Via The Salt-Box and Digital Digs, here’s Walk Score a cool little Google mashup that calculates the walkability of your place of residence “by locating nearby stores, restaurants, schools, parks, etc.” I scored a 25, not very walkable, which was better than Alex and slightly worse than JBJ, but like JBJ, I’m not sure my score matches my experiences.

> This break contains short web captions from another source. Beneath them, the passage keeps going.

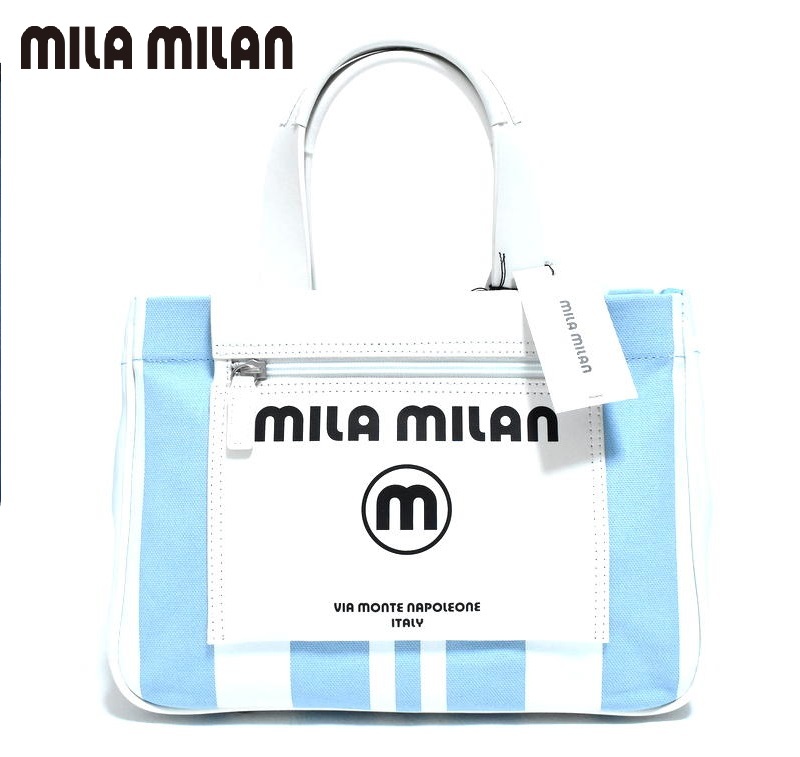 【定価16500円】新品 mila milan ミラ・ミラン ''ミーチョ'' B5サイズ ドライビングトートバッグ 260501 IKETEI イケテイの画像1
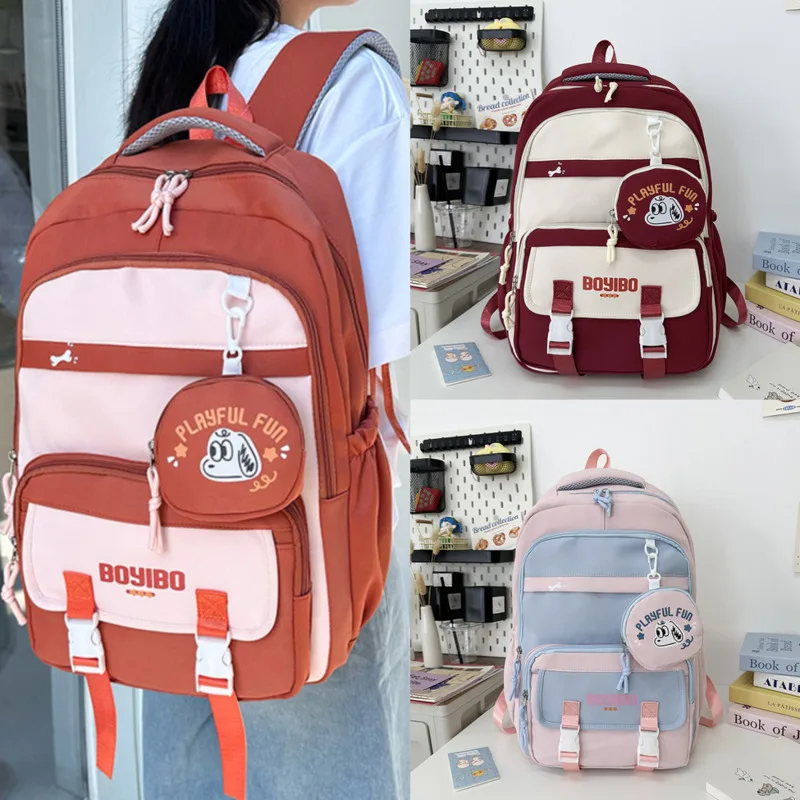 

Letter Y2K Backpacks Animal Lightweight Outdoor Sports Travel Ins High Capacity Student Air Cushion Shoulder Strap Backpacks New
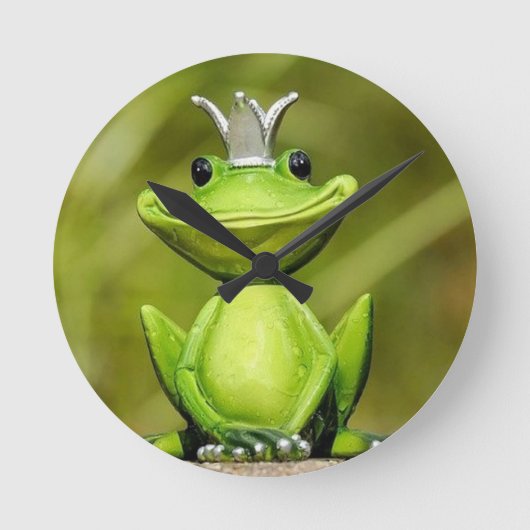 Happy frog ronde klok (Voorkant)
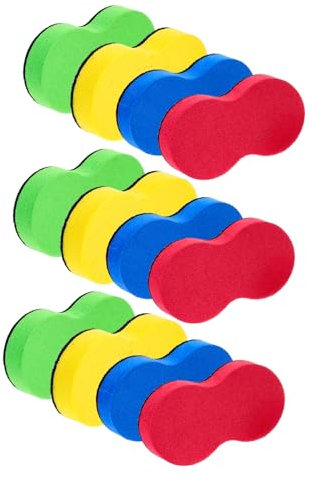BCOATH 20stücke Trocken Abwischbarer Radiergummi Aus Eva-material Wiederverwendbar Für Whiteboards Im Klein Und Leicht Staubfrei Für Zuhause Büros Und Schulen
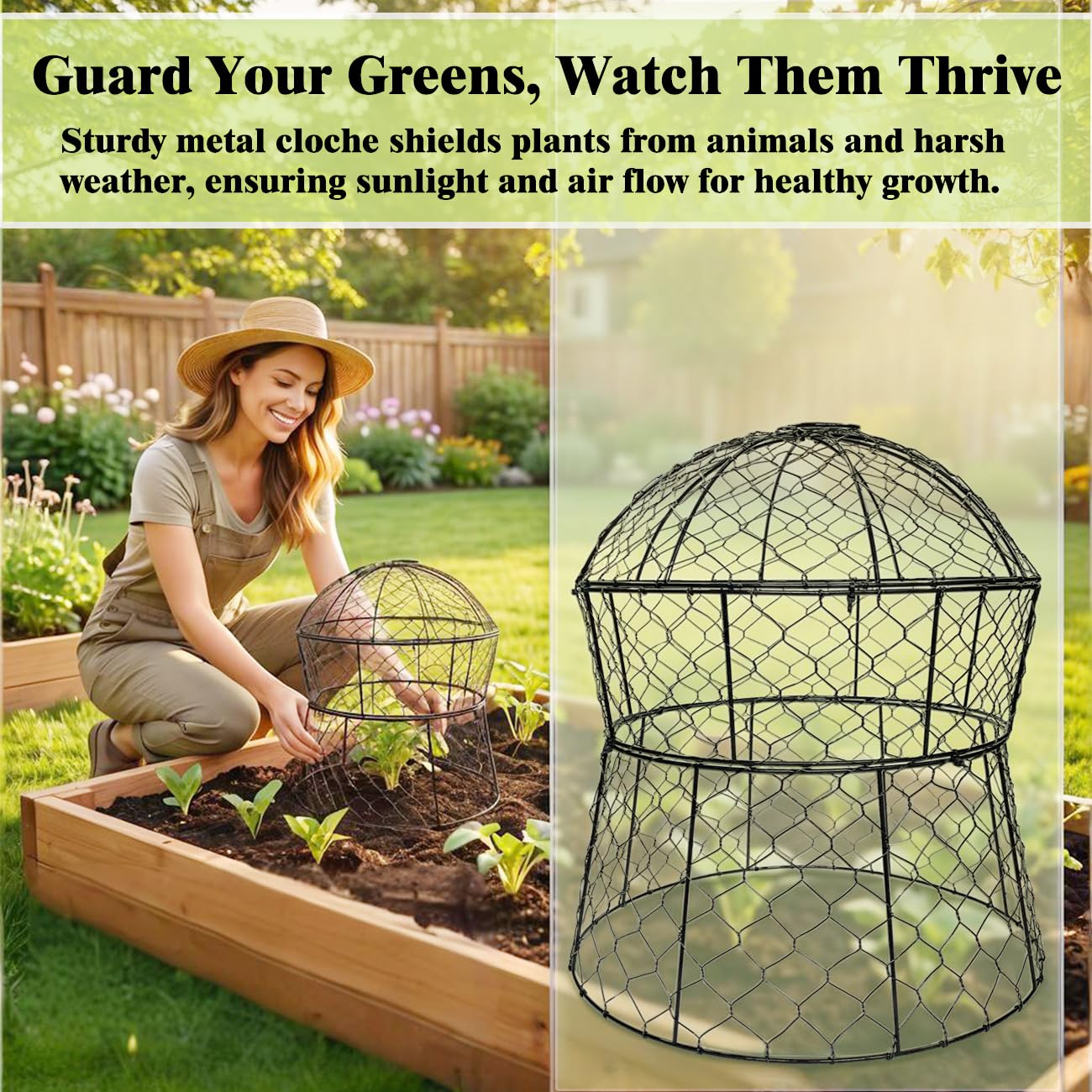 JAWULIJA two cloches stacked for compact storage saving garden shed space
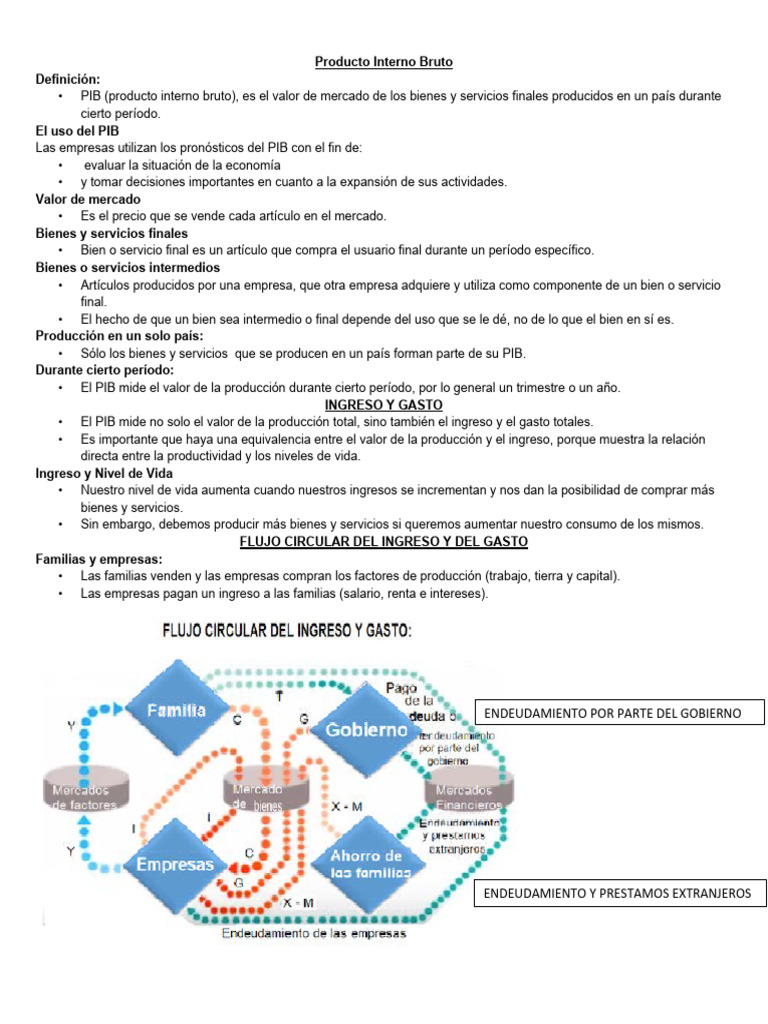 Definición y Usos del PIB en Economía | PDF | Producto Interno Bruto ...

In my case, I think the 25 is actually too high. I walk as much as possible, but as I mentioned in my comment at The Salt-Box, while there are a few businesses nearby, there are no sidewalks, and cars routinely go 55-60 mph on the highway in front of my complex. If I wanted to go to a business across the street, I’d feel like I was taking my life in my hands. And the “grocery store” they list as closest to my apartment is actually a convenience store, which would be fine if I ate nothing but snack food and liked lousy beer. They also lump clothing and music stores together, with the closest listed store being a Payless Shoe Store I’ve never noticed before. Not that it doesn’t exist; there are so many signs in Fayetteville that they sort of blur together in a single, somewhat shabby blur of advertising and visual noise.
That being said, it’s a cool tool for mapping the livability of a given location is pretty cool. If I had used this tool when planning my move to Fayetteville, I probably would have made more of an effort to find someplace here that’s even a little more walkable.
Side note: my apartment in Hyattsville, MD, scores a 55, which seems a bit low, especially given the access to public transportation that I had. My apartment in Decatur, GA scores a 52, which sounds about right, but also shows the limits of the tool. I happily went without a car during my year in DC, but that would have been practically impossible where I lived in Atlanta.
Another update: My apartment in Champaign, IL, scored a 95, which seems reasonable enough. I could have easily lived there without a car, and more or less did (my car was about twenty years old), except for the fact that most of the chain movie theaters were about seven or eight miles away.